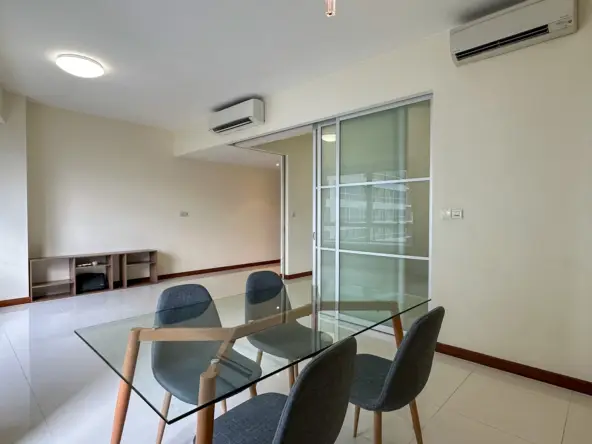 The Sail @ Marina Bay 1 Bedroom Living Room Pictures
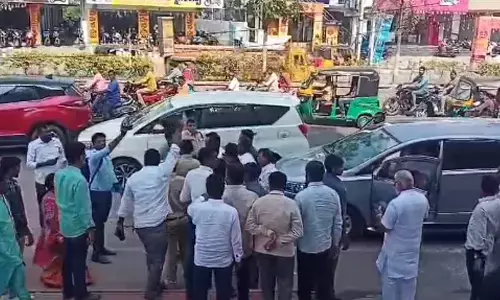 Ambati : ఖమ్మంలో అంబటికి నిరసన సెగ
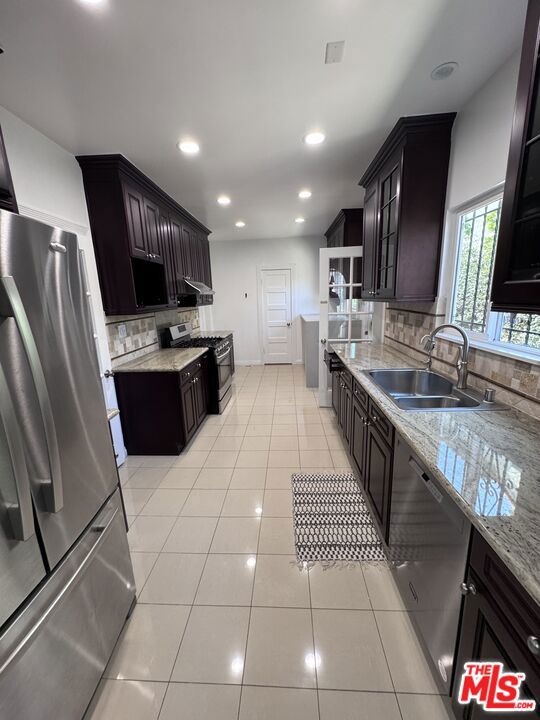621 S Highland Avenue, Los Angeles CA: https://media.crmls.org/mediaz/1be0dc41-7c72-4f68-91e0-4e050c8de3ab.jpg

## WORK TASK
All of the data above should be quoted exactly, except for the pictures.

## OUTPUT OF THE TASK
 The Sail @ Marina Bay 1 Bedroom Living Room Pictures
 Ambati : ఖమ్మంలో అంబటికి నిరసన సెగ
621 S Highland Avenue, Los Angeles CA: https://media.crmls.org/mediaz/1be0dc41-7c72-4f68-91e0-4e050c8de3ab.jpg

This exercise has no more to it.